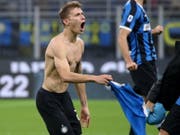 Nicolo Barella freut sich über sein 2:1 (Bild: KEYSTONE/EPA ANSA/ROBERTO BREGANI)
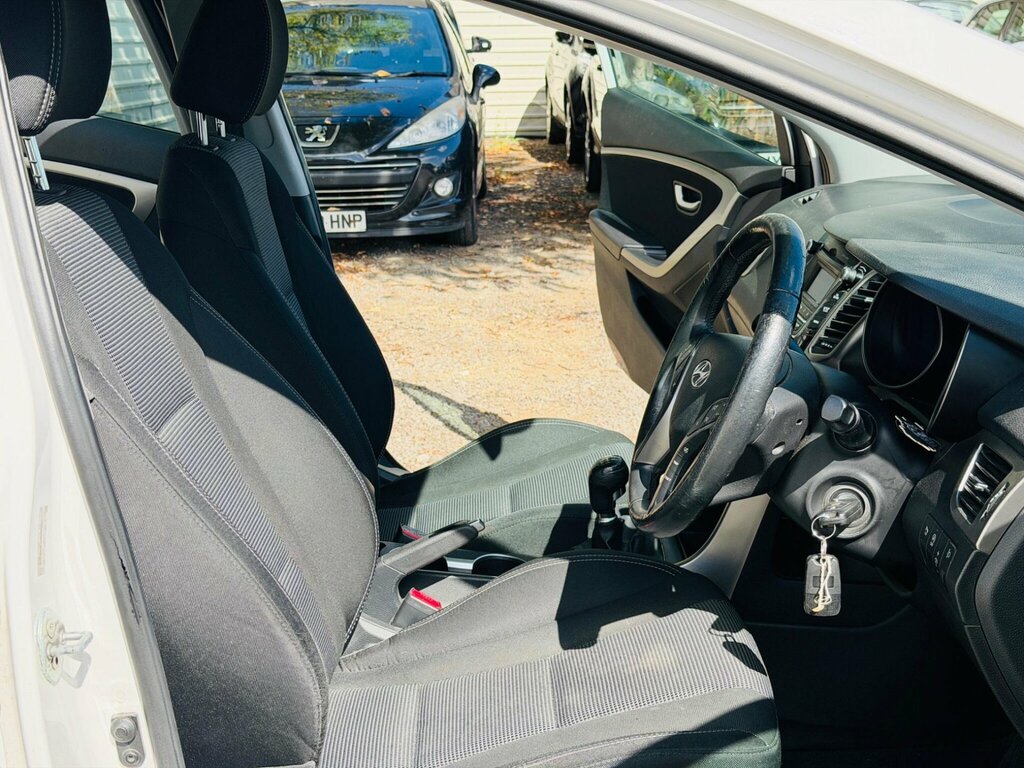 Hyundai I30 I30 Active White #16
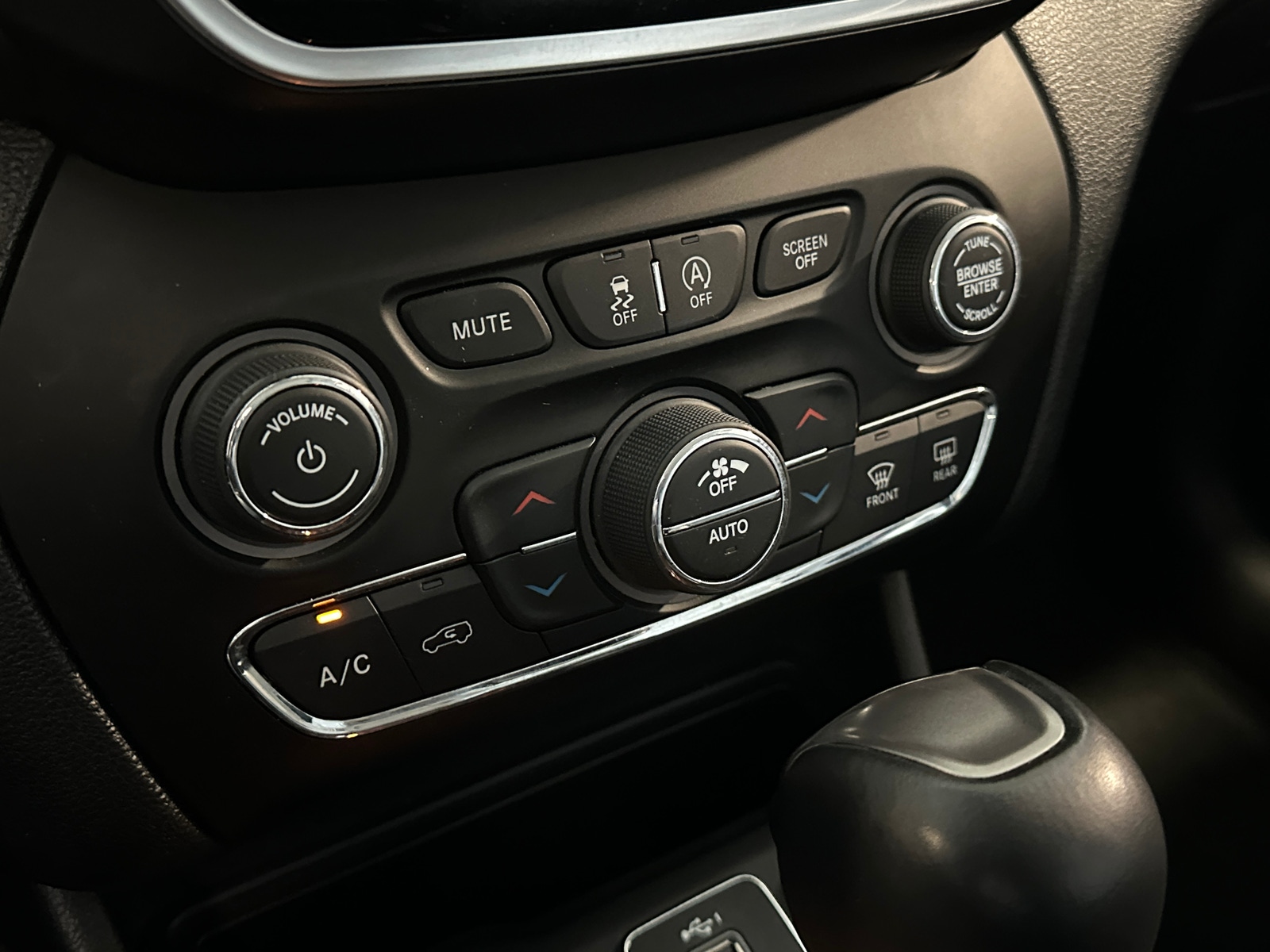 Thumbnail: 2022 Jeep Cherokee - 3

++++++++++++++++++++

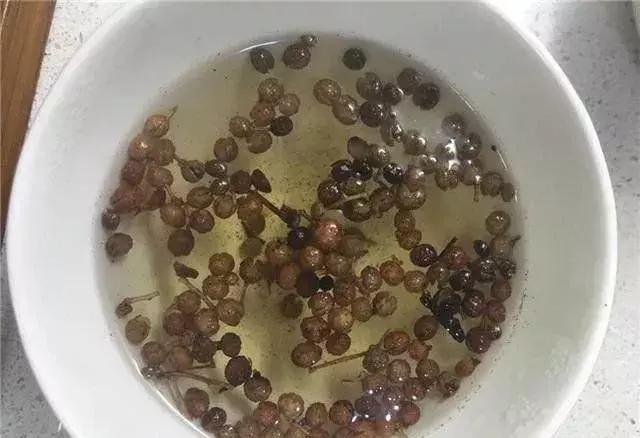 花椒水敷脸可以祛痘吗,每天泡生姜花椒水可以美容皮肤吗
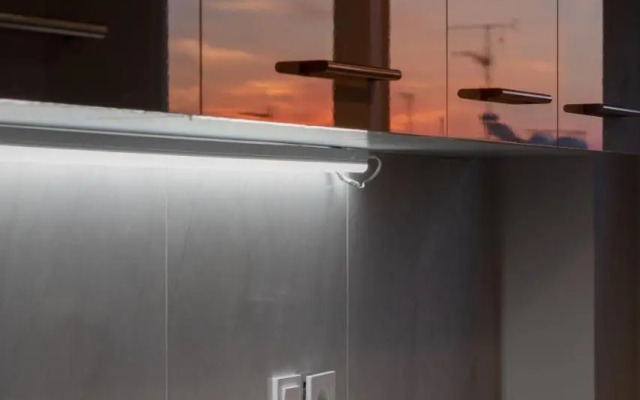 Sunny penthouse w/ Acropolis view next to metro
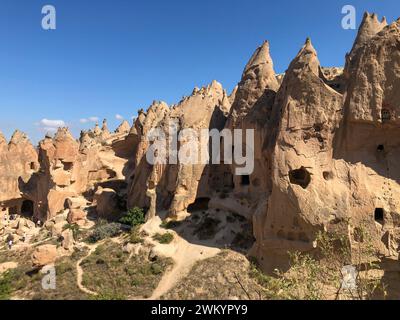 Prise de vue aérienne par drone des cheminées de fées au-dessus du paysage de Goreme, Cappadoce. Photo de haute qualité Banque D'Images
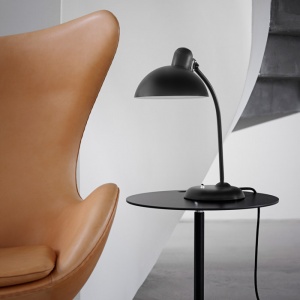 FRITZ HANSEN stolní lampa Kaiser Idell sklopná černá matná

++++++++++++++++++++

Problem:
The answer is the lines above from the one with "Hyundai I30 I30 Active White #16" to the one with "Thumbnail: 2022 Jeep Cherokee - 3", set down exactly, with no pictures.

Exercise result:
 Hyundai I30 I30 Active White #16
 Thumbnail: 2022 Jeep Cherokee - 3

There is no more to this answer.